Records from a data source:
####
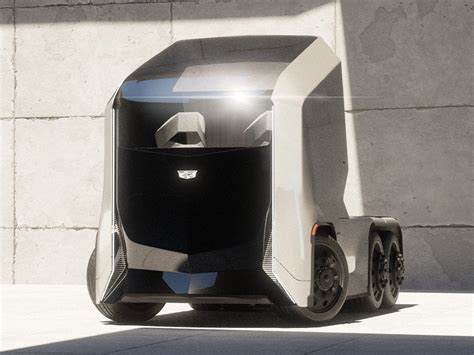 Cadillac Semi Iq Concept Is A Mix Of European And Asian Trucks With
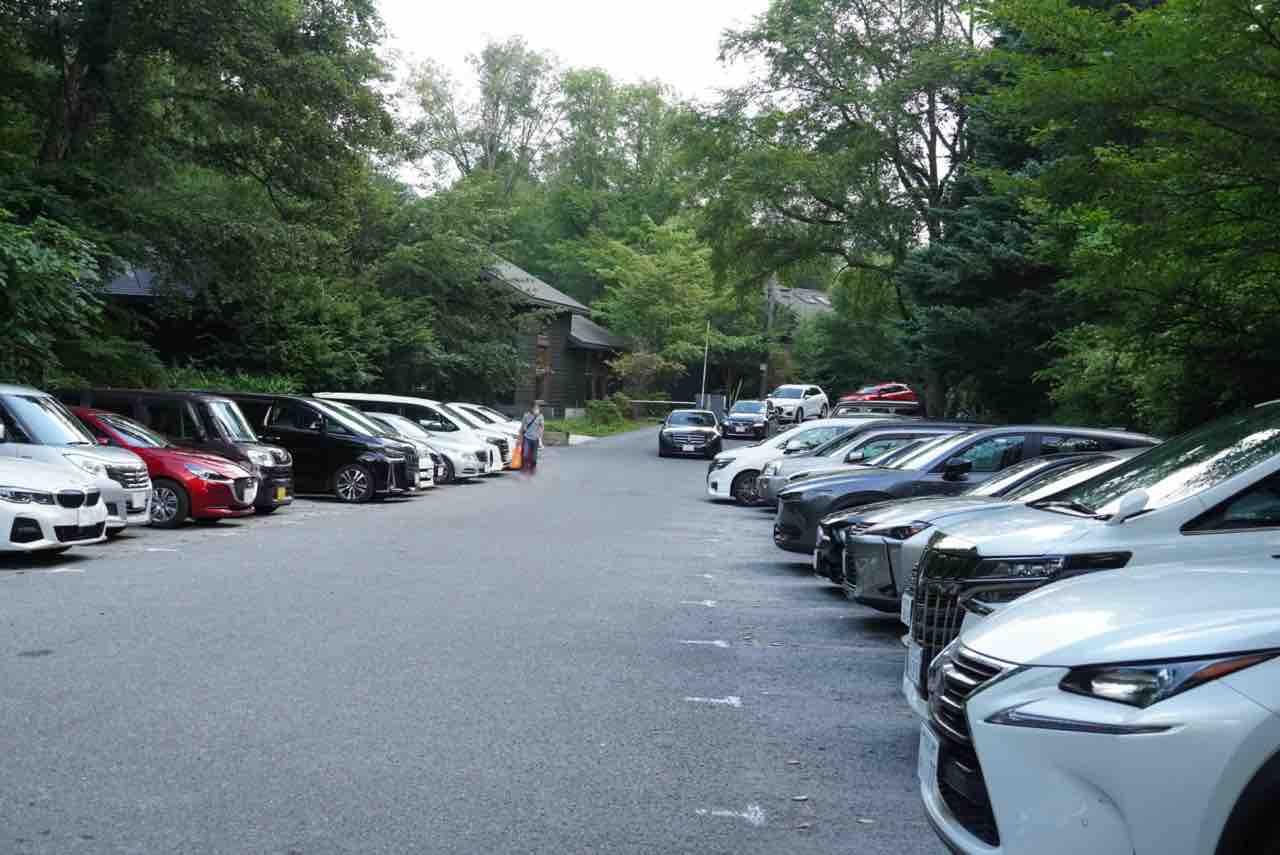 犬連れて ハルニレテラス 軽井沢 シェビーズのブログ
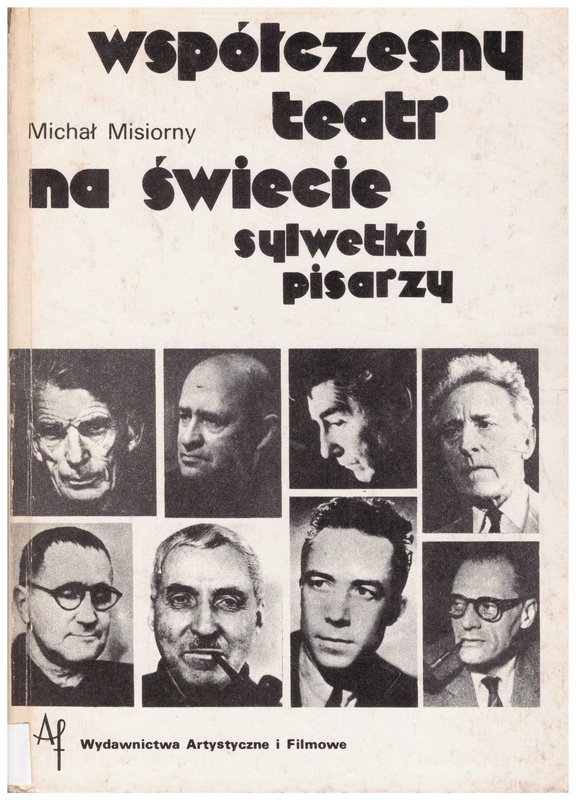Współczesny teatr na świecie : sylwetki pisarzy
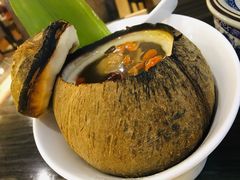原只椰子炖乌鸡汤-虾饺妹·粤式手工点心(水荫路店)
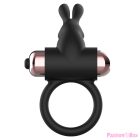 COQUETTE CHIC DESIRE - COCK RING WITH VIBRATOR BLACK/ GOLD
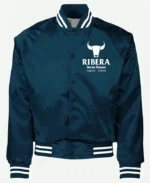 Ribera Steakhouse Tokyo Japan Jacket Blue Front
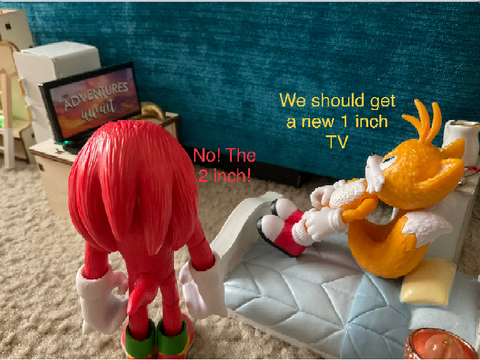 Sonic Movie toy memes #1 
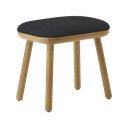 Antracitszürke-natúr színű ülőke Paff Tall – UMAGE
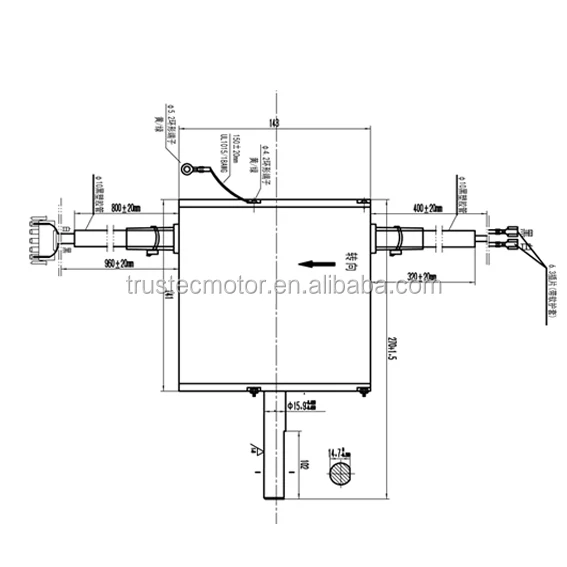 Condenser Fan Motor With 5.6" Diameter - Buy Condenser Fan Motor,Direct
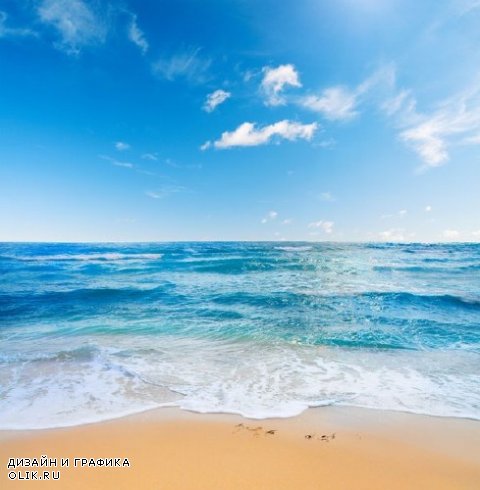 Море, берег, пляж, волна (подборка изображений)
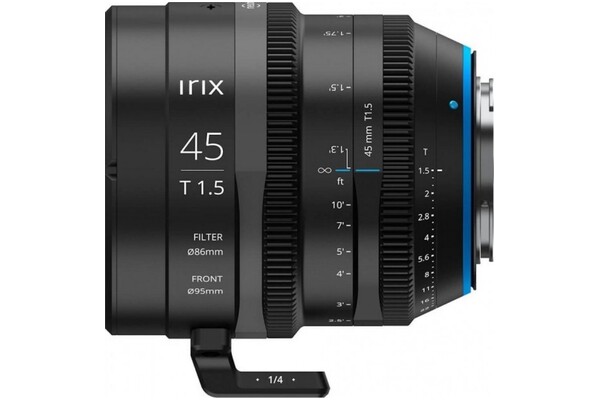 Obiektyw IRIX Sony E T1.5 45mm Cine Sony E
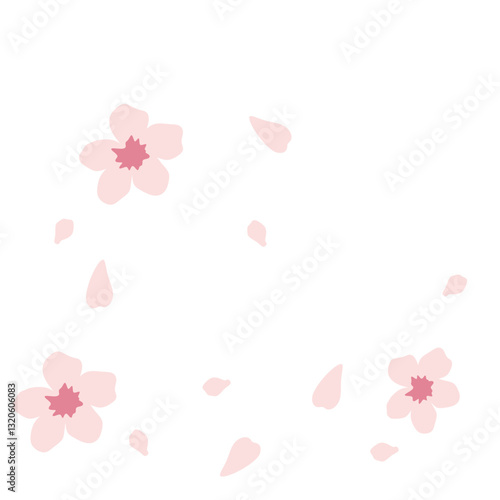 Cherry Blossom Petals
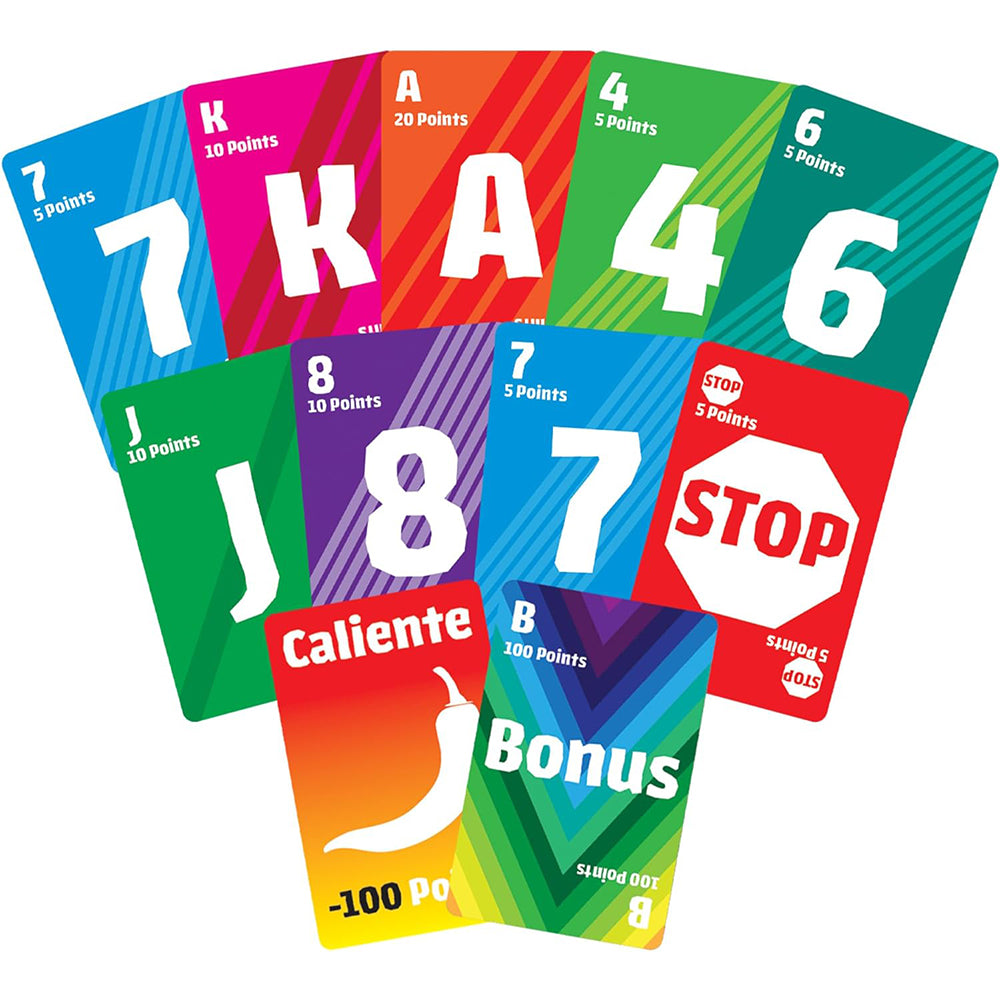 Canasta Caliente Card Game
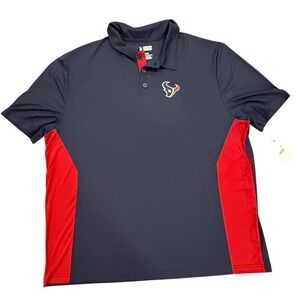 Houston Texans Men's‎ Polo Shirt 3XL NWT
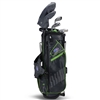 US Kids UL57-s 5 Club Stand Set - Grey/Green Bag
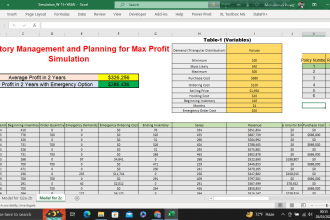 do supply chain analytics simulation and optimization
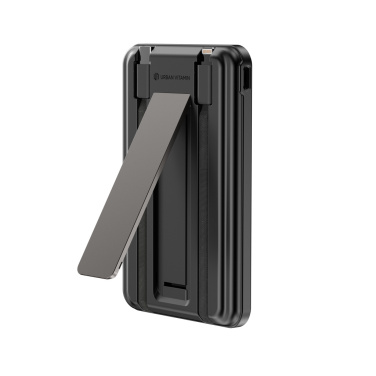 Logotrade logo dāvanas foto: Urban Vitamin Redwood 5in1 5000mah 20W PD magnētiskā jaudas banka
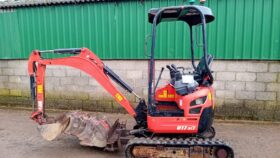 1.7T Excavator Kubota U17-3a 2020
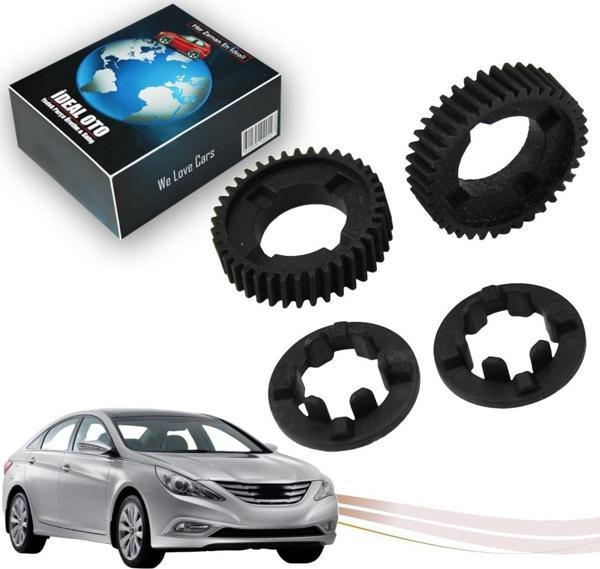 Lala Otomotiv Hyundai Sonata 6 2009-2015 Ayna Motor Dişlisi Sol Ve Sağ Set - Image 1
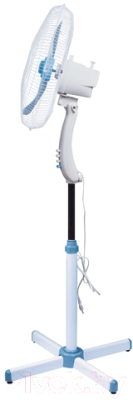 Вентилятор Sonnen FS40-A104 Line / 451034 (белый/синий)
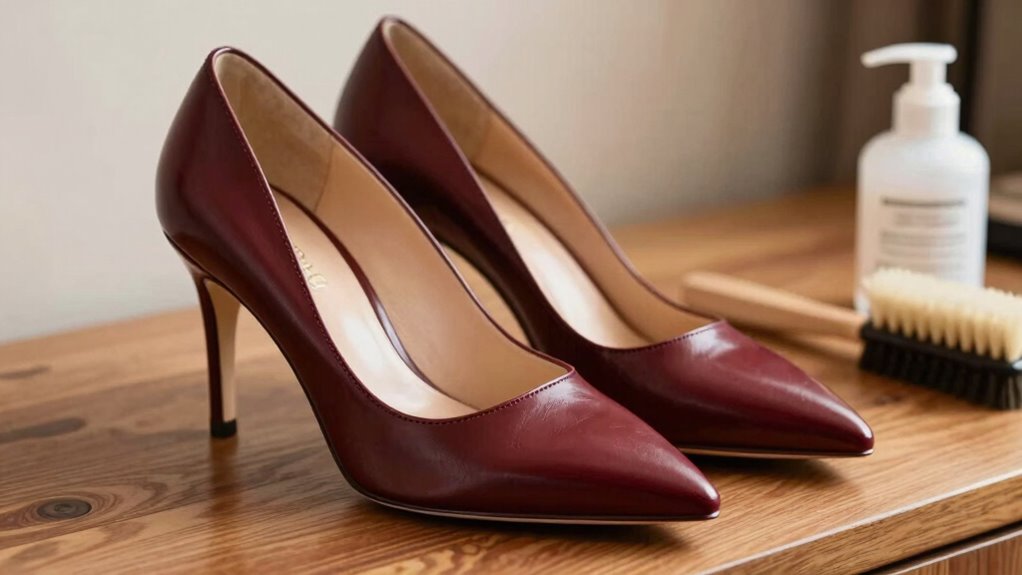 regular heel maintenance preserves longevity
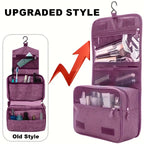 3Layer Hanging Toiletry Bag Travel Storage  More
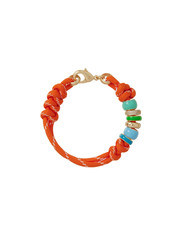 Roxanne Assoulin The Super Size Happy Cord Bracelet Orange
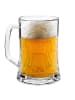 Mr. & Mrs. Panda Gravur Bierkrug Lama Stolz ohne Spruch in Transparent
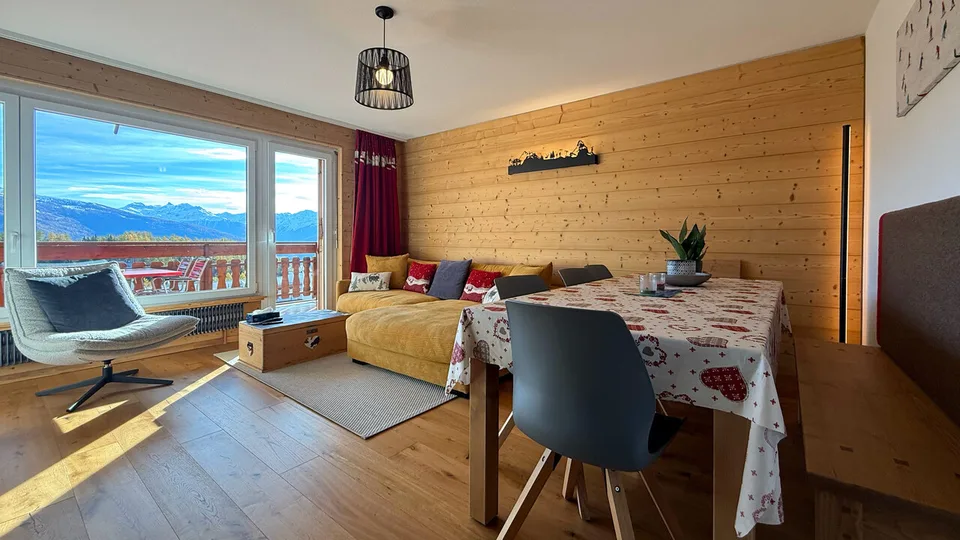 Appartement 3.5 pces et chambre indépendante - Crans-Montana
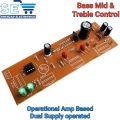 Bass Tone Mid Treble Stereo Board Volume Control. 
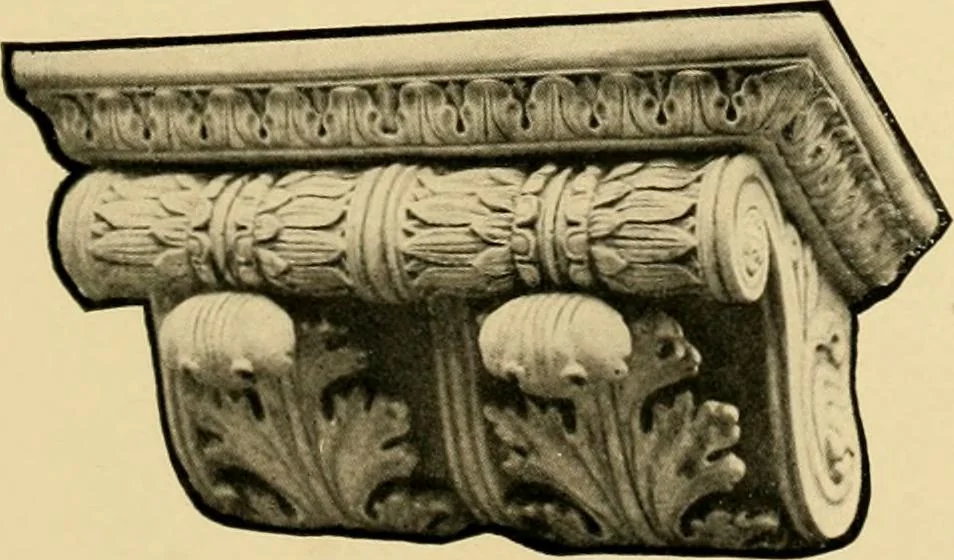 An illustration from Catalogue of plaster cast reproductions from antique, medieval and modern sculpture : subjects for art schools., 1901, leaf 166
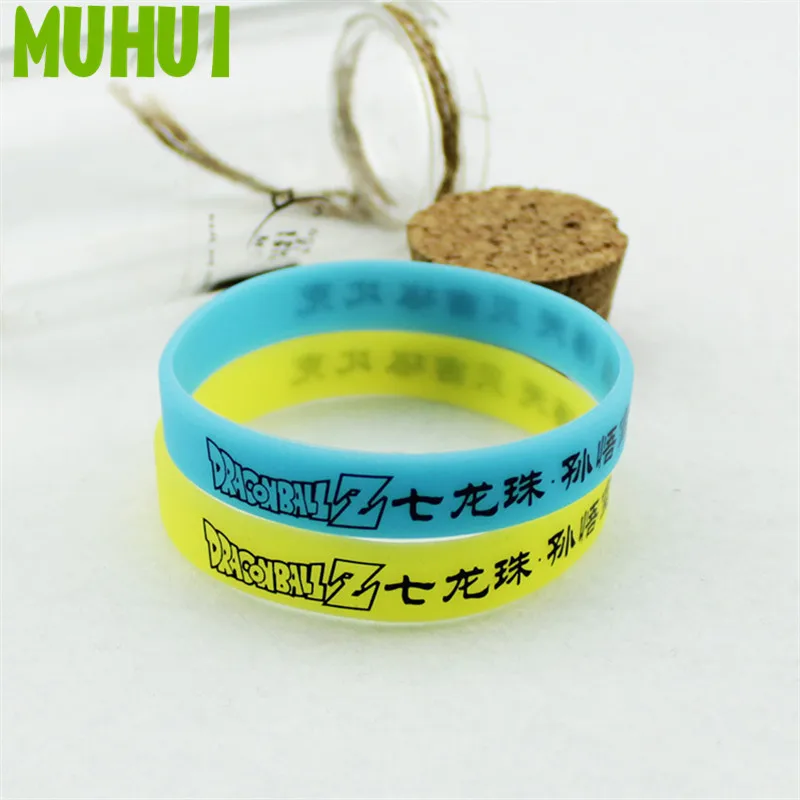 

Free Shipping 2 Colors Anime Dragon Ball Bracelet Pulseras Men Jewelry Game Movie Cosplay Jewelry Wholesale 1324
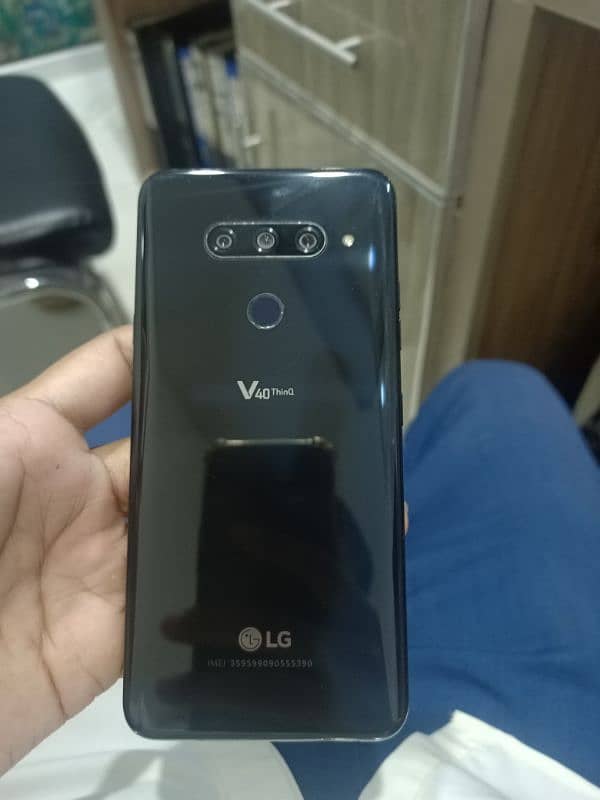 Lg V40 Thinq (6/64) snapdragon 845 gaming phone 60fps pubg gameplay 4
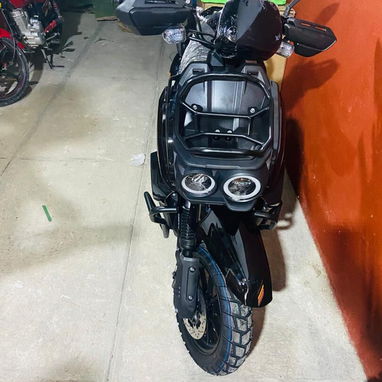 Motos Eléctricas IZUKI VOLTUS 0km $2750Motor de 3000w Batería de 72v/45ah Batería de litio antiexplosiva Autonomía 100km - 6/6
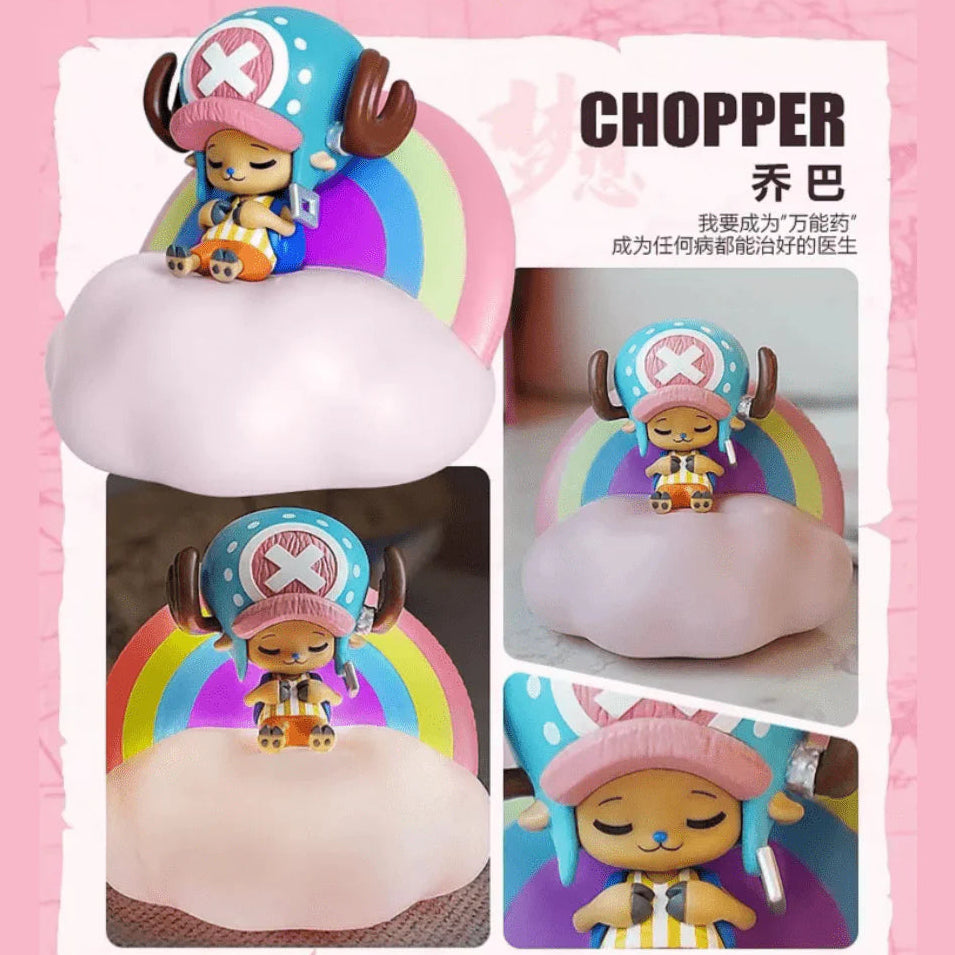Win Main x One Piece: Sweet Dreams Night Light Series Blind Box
####
Task item
Print the data above exactly, from its first line to the line bearing "Ribera Steakhouse Tokyo" inclusive, and keep pictures out of the result.

Exercise result
 Cadillac Semi Iq Concept Is A Mix Of European And Asian Trucks With
 犬連れて ハルニレテラス 軽井沢 シェビーズのブログ
Współczesny teatr na świecie : sylwetki pisarzy
原只椰子炖乌鸡汤-虾饺妹·粤式手工点心(水荫路店)
 COQUETTE CHIC DESIRE - COCK RING WITH VIBRATOR BLACK/ GOLD
 Ribera Steakhouse Tokyo Japan Jacket Blue Front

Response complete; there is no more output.